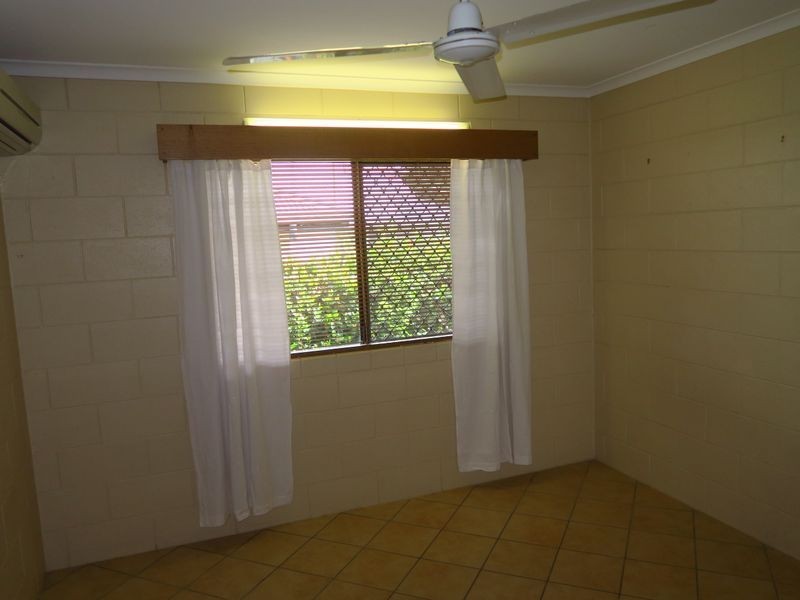 7 Mcmanus Street, Whitfield QLD 4870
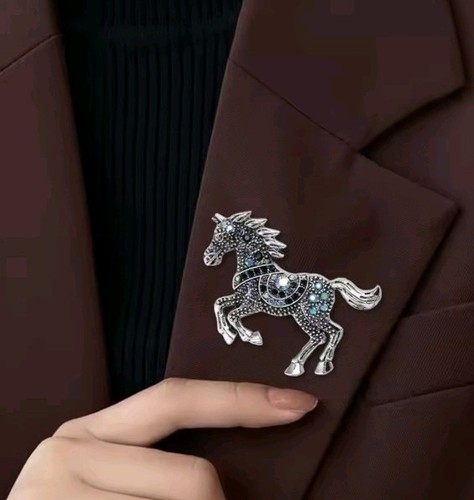 Horse brooch rhinestone - horse, animal
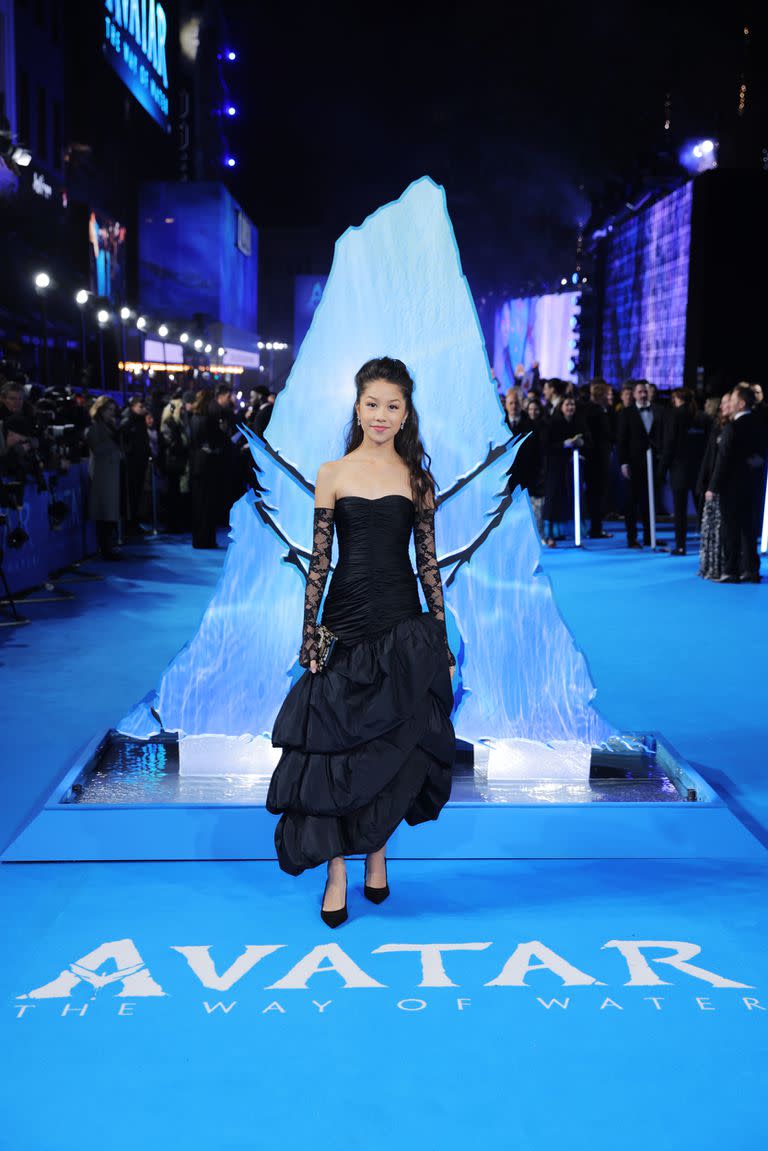 Transparencias y bolados para Trinity Jo-Li Bliss en la premiere de Avatar: El camino del agua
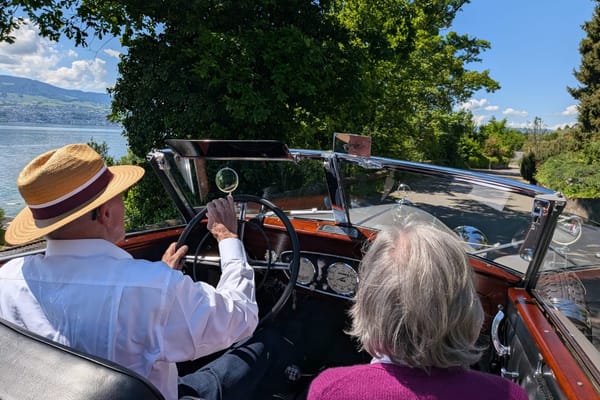 Mercedes-Oldtimer begeistern an der Alten Landstrasse und in der Villa Sunneschy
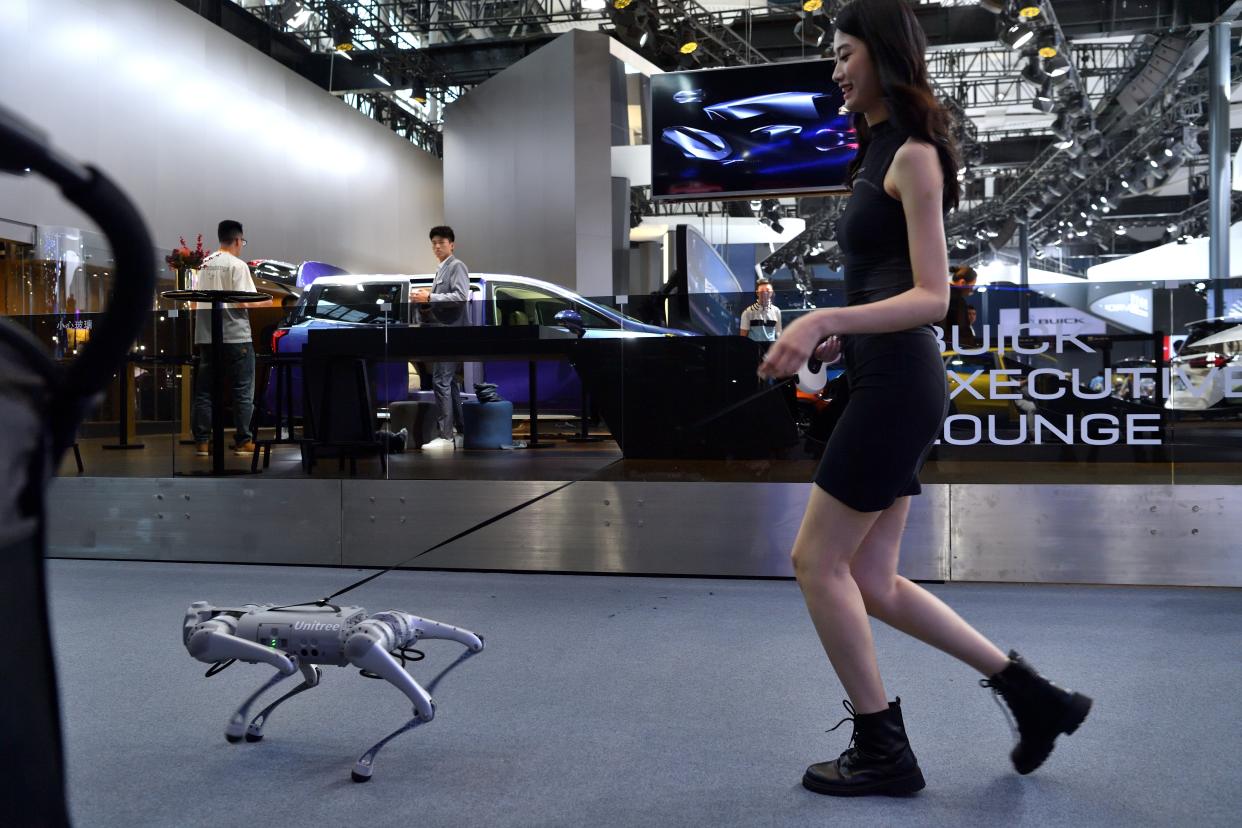 Roboter werden gern nach Vorbild von Hunden designt - was halten wohl echte Hunde davon? (Symbolbild: Chen Yihang/VCG via Getty Images)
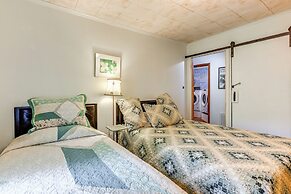 Unique & Artsy Cabin w/ Mountain Views!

◇ ◇ ◇

In the records above, find the line that contains "Roboter werden gern" and repeat exactly that line and all lines after it to the end. Do not include pictures.

 Roboter werden gern nach Vorbild von Hunden designt - was halten wohl echte Hunde davon? (Symbolbild: Chen Yihang/VCG via Getty Images)
 Unique & Artsy Cabin w/ Mountain Views!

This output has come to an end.